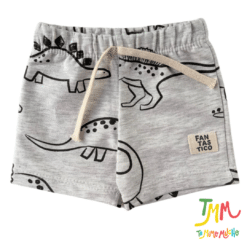 Conjunto remera y short Dino Blanco y Melange - Big Bay - Imagen 3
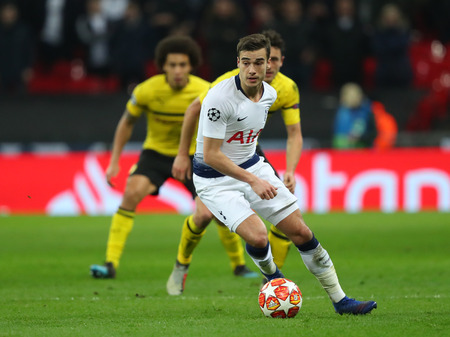 LONDON, ENGLAND - FEBRUARY 13 2019: Harry Winks of Tottenham during the Champions League match between Tottenham Hotspur and Borussia Dortmund at Wembley Stadium, London.のeditorial素材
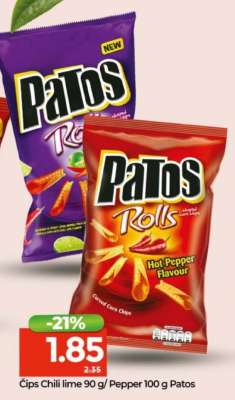 Čips Chili lime 90 g/ Pepper 100 g Patos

### Description of the task:
Give back the listing unchanged. Strip out the pictures.

### Your solution:
 Conjunto remera y short Dino Blanco y Melange - Big Bay - Imagen 3
 LONDON, ENGLAND - FEBRUARY 13 2019: Harry Winks of Tottenham during the Champions League match between Tottenham Hotspur and Borussia Dortmund at Wembley Stadium, London.のeditorial素材
 Čips Chili lime 90 g/ Pepper 100 g Patos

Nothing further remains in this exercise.